LIAM: Am I being too predictable if I say The Joshua Tree? For me that album has always represented a band at the top of their game, and is without a doubt one of the best albums of the 1980’s. “Where the Streets Have No Name,” “I Still Haven’t Found What I’m Looking For,” “With or Without You,” and “Bullet the Blue Sky” just on the A-side! It is as close to perfect as an album can get. “In God’s Country” is one my favorite U2 songs — I love that bassline and Bono’s vocals. That whole album has that clear American influence and spiritual tinge… I still walk away from listening to it and am amazed.
SEAN: The thing about The Joshua Tree is that you look at the names of the songs on side A and the first thought is that it’s one of the most front-loaded albums of all time, but the best songs on the album are some of the ones on side B. “Red Hill Mining Town” might be Bono’s crowning achievement as a vocalist. You mentioned “In God’s Country” — that’s one of my favorites as well. “One Tree Hill” and “Exit” are outstanding. And then you get to the hits: “Where the Streets Have No Name” and “Bullet the Blue Sky” are somehow still not played out.
And yet, it’s not my favorite U2 album. To me, Achtung Baby is the best rock album of the last 25 years. Better than Nevermind, better than Loveless, better than OK Computer, better than Appetite for Destruction.
LIAM: I like it too, but the best of the last 25 years?
SEAN: Why not? Not only is it as strong song-for-song as any album you could name, but it’s also maybe the most successful reinvention in rock history. It takes serious balls to follow up an album as huge as The Joshua Tree by overhauling nearly everything about who you are as a band, musically and visually. U2 got a sense of humor for the first time, and pulled off the toughest thing for a veteran band to do: stay current while staying true to themselves. You could hear “U2” and “hip-hop and electronic influences” in the same sentence and think the potential is there for a forced, contrived mess, but the opposite is true. It’s the most unified album they’ve ever made, and they’ve never written a stronger end-to-end set of songs.
LIAM: I think that was Bono’s best period for sunglasses-wise, too.

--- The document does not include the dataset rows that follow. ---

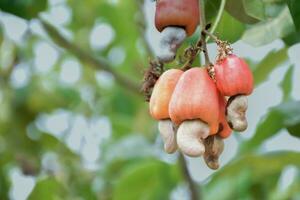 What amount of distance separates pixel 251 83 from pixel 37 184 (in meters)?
1.26

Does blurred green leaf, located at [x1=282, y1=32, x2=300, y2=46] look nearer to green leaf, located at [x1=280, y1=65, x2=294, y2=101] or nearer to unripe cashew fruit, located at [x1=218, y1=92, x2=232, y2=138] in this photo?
unripe cashew fruit, located at [x1=218, y1=92, x2=232, y2=138]

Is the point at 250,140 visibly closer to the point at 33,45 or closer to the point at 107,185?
the point at 107,185

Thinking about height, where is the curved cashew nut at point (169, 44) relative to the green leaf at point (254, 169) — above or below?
below

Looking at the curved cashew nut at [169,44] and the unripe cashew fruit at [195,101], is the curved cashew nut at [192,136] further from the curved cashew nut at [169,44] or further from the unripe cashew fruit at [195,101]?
the curved cashew nut at [169,44]

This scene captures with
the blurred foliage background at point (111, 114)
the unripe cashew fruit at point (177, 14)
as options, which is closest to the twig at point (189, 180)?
the blurred foliage background at point (111, 114)

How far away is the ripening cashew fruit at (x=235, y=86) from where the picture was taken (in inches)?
39.1

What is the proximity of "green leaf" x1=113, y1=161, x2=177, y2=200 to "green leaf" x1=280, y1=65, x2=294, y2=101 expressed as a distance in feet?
1.52

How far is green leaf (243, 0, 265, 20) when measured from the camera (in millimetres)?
1206

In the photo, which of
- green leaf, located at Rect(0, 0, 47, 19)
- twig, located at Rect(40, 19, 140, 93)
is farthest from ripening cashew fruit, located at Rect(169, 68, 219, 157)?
twig, located at Rect(40, 19, 140, 93)

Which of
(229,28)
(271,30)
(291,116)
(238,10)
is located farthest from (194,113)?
(291,116)

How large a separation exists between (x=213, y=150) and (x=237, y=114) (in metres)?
0.06

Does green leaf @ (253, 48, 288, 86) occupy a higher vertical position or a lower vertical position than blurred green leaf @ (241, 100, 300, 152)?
higher

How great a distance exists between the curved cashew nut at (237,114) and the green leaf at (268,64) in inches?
38.8

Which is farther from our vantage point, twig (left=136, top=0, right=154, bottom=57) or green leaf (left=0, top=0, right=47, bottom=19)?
twig (left=136, top=0, right=154, bottom=57) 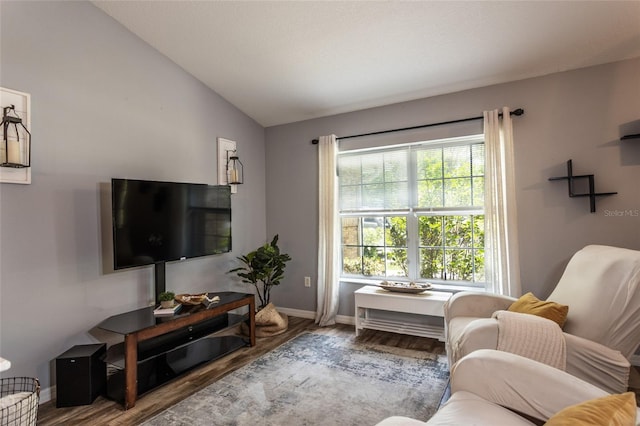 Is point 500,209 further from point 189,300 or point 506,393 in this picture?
point 189,300

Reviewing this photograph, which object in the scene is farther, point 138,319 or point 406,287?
point 406,287

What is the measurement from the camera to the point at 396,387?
229 centimetres

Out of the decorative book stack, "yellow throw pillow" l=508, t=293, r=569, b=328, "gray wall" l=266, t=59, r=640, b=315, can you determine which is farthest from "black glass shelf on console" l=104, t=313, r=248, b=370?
"gray wall" l=266, t=59, r=640, b=315

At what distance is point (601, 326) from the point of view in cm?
175

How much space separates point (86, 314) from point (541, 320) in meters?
3.02

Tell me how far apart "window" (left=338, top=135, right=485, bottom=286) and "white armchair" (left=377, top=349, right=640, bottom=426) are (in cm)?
205

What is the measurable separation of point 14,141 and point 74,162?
1.36 feet

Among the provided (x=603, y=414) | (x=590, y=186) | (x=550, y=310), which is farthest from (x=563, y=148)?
(x=603, y=414)

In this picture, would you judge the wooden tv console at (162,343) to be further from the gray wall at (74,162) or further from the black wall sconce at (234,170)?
the black wall sconce at (234,170)

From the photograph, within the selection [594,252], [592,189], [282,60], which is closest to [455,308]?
[594,252]

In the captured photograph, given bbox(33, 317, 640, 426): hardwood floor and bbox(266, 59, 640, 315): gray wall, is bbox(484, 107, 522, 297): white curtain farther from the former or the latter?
bbox(33, 317, 640, 426): hardwood floor

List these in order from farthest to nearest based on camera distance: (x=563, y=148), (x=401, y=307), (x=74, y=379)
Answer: (x=401, y=307) → (x=563, y=148) → (x=74, y=379)

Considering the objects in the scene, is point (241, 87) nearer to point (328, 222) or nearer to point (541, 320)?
point (328, 222)

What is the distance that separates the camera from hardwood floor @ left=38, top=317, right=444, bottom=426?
2018mm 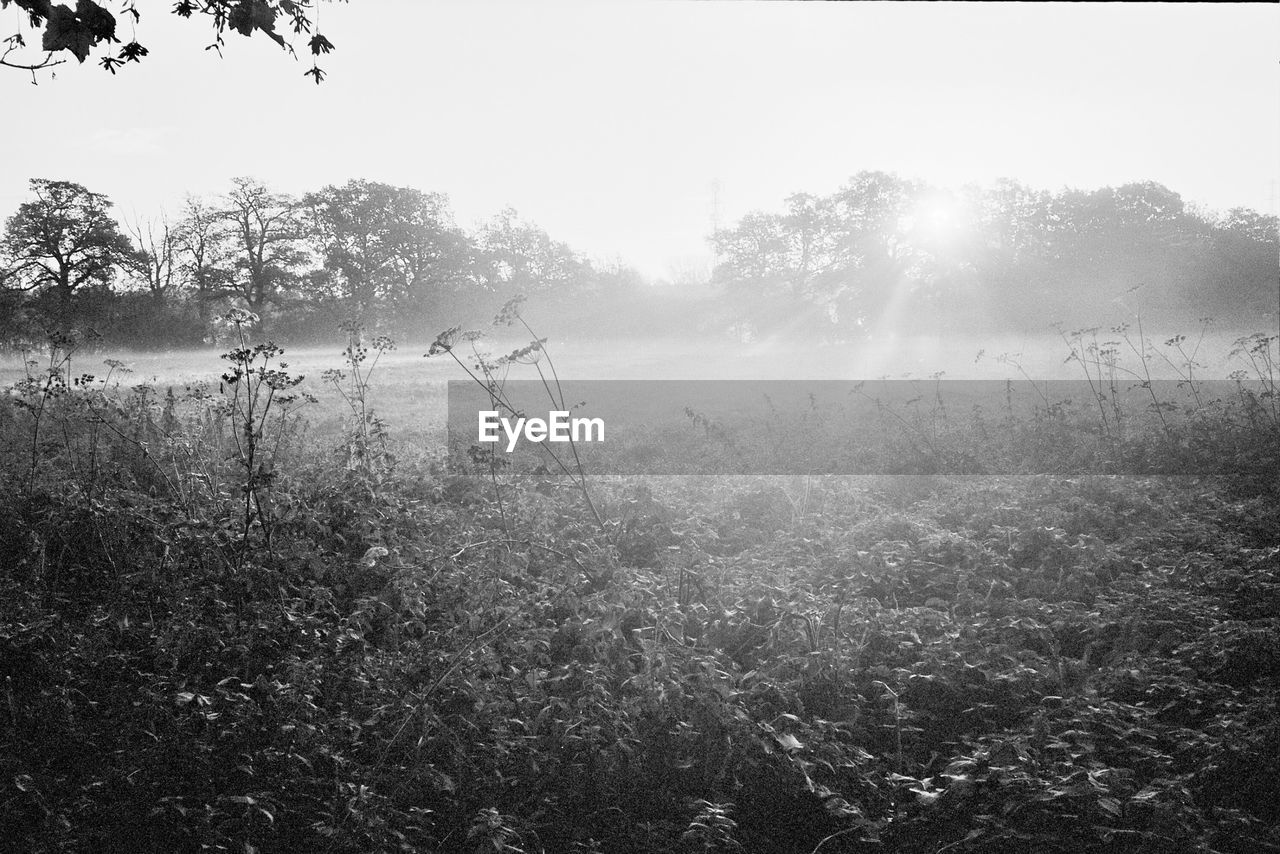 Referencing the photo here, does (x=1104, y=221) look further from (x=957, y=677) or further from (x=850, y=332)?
(x=957, y=677)

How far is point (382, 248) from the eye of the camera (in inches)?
768

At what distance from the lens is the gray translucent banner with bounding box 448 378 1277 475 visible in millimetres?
8008

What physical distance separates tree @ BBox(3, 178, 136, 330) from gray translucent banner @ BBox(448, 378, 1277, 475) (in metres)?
7.22

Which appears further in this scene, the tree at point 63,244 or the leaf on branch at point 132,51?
the tree at point 63,244

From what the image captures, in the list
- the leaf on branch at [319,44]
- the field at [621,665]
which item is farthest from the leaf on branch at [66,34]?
the field at [621,665]

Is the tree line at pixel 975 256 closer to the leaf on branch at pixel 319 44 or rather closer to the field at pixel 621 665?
the field at pixel 621 665

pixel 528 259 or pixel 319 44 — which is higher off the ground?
pixel 528 259

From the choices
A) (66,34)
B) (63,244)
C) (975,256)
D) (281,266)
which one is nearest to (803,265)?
(975,256)

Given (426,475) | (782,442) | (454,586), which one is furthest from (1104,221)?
(454,586)

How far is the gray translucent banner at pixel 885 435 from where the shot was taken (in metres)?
8.01

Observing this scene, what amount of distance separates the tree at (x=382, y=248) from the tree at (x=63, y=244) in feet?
13.6

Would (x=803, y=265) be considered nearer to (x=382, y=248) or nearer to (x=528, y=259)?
(x=528, y=259)

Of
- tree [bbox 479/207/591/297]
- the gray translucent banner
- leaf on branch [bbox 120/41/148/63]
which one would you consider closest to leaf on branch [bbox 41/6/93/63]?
leaf on branch [bbox 120/41/148/63]

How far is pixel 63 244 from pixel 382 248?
22.7 ft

SEAN: Agreed, Bono was absolutely at the top of his sunglasses game circa Achtung. There’s a reason the new box set for that album features a replica pair. Although for how much that thing is costing, I’d think the sunglasses would have to be a pair that he actually wore on the ZooTV tour.
Speaking of ZooTV, that’s one of my favorite concert films of all time. In fact, you could even go so far as to say that if I could go back in time to see any tour in rock history, that would be right up there with The Who in ’70 or Zeppelin in ’72 for me.
LIAM: A U2 concert is definitely an experience. It is all encapsulating and transports you to another place — the staging and design is amazing. Kiss always talk their show up, but pyrotechnics and gimmicky fake blood hardly match up to what U2 delivers. I think PopMart would have been great to see. I like the idea of four men trapped inside a mirrorball lemon. Spinal Tap!
SEAN: Two things about PopMart: first, I don’t understand why they didn’t play any Zooropa material on that tour. Songs like “Numb,” “Lemon,” and “Daddy’s Gonna Pay for Your Crashed Car” would have been arguably better fits for that show even than they were for ZooTV. Second, I really wish they’d bring some of the Pop stuff back. I get why they don’t play anything from it anymore — that album is the black sheep of their catalog, critically and commercially — but now that they’ve reclaimed their status as the biggest band in the world, and a lot of the stigma from PopMart’s excesses has worn off, wouldn’t you love to hear “Last Night on Earth” or “If You Wear That Velvet Dress” again?
LIAM: I guess, but they have built up an enviable catalogue of material over the years — there is always going to be something I wish they would revisit. I am happy that they are moving on, and excited for what comes next!